六月八日,我坐上由住地开往北京转郑州的夜车。在车厢里我右手支在小桌上,似睡非睡中看到中间的走道上有一个身材高大的男子的背影,身后跟着一个头上梳着羊角辫的小女孩。我猛抬头看时,车厢过道什么人都没有。乘客们熟睡,只有车厢的顶灯暗暗的发点亮。
六月十一日,讲法班在郑州破旧的体育馆开班了。这个场地好久不用了,看台上的尘土很厚,里面的门窗都钉死了。讲台是个裁判台,放一张桌子和椅子。出入只有一个门,人多而乱。这天我去的很早,坐在中间过道的木板地上。师父也要从此门進,通过小道走向讲台。在这儿只隔一个人看得很真切,师父慈悲、祥和、微笑的面容给人以特别亲切之感。师父走过,我看到师父高大的背影。啊!我在火车上看到的就是师父!我想喊出来,又把嘴捂住了。看到师父健步走向讲台,人又那么多,我怎么能叫呢?当时幸福的热泪流了出来,心里有说不出来的美和幸福。
师父简单的自我介绍后开始讲法,声音是那么的洪亮。大家静静的听,好象连出气的声都没有。突然师父用严肃的口气说:“你想听就听,不想听就出去。”大家回头看不知说谁(后来才明白是魔在干扰)。课讲到一半,外面下起大雨,来势凶猛,砸在房顶上就象砸铁皮一样叮叮当当的,象放连珠炮。听不清师父的讲话声。突然全场的灯都灭了,伸手不见五指,大家静静的坐着。我看到师父盘着双腿坐在桌子上打手印,特别漂亮。房顶漏雨滴在师父头上,师父移一移地方继续打手印。又看到师父抓一把什么放在矿泉水的瓶子里,把盖拧紧。我不解其意的小声问旁边的学员:“师父在干什么呢?”回答说:“我没看见。”(当时一点法没学,真不知是怎么回事。)十几分钟后电灯突然亮了,比以前更亮了。大家真高兴。师父又开始讲法了。时间快到了,师父说:“今天误的课明天补上。大家在半小时内要回到住处。”(大概意思)师父先走,手里拿着那个瓶子。有个人要,师父说:“你要它干什么?”后来听同修说:瓶子里的水是红色的(大概意思)。
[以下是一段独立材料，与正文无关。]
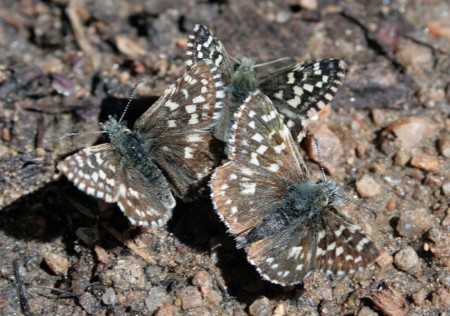 Как природа разнообразна (бабочки)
雨停了,大家离开了会场、马路中间没水,我们的鞋还是干的。路边的树有的断了,有的连根拔起。路过师父的住处,看到门前的玻璃被砸的粉碎。我们回到住地,不到五分钟,瓢泼大雨又下了起来。同修开玩笑说:“这回下刀子我们都不怕了。”第二天报纸上报导,此次降雨为史无前例的大暴雨。
后来才知道师父在传正法,时时都在保护着弟子,郑州班上是在降魔。可是从没听师尊讲过。
后来,我有幸又参加了济南讲法班。当时会场满满的有四千多人,场地外的环廊也有很多人。因场地是封闭的,天热加上人身上散发的热量,真是闷热得难以忍受!这时师父说:“大家不妨把手里的扇子放下……。”话音刚落,迎面吹来习习微风,真凉快!(当时是六月二十一日开班)。这时就好象师父给我们每人吃了一块冰一样,从头凉爽到脚。全场顿时一片掌声,大家的心情一样,亲身体悟到师恩!
回来后熟悉我的人,当面背后都说我象变了一个人似的。我自己也感到一身轻,真的体会到无病的滋味是多么美妙。在修炼路上我一直随师世间行。在修炼过程中,有时悟到做的就好一点,有时就不知该怎么做,师父总是在我梦中,在打坐中,在现实生活中点悟我。
不管我做什么事,就是发一张真相资料,师父都给我安排好,我就是动腿动嘴就行了。在风风雨雨中,每遇到危险时,被抓时,只要我念正,师父就帮我化解开,回来后感谢师父的慈悲呵护。关过不去时,泪流满面,一哭半晚上。包括一篇记事一写几年,总想写出与同修共勉,但一想到自己不太精進,自觉愧对师尊,提笔忘字不成句,不能把师恩完美的表达出来。写一次就哭一次,自责自己太差劲。没悟到师父要的是我的实修真心!今后要把所有的劲包括哭的劲都用在做好师父让我们做的三件事中,以报师恩!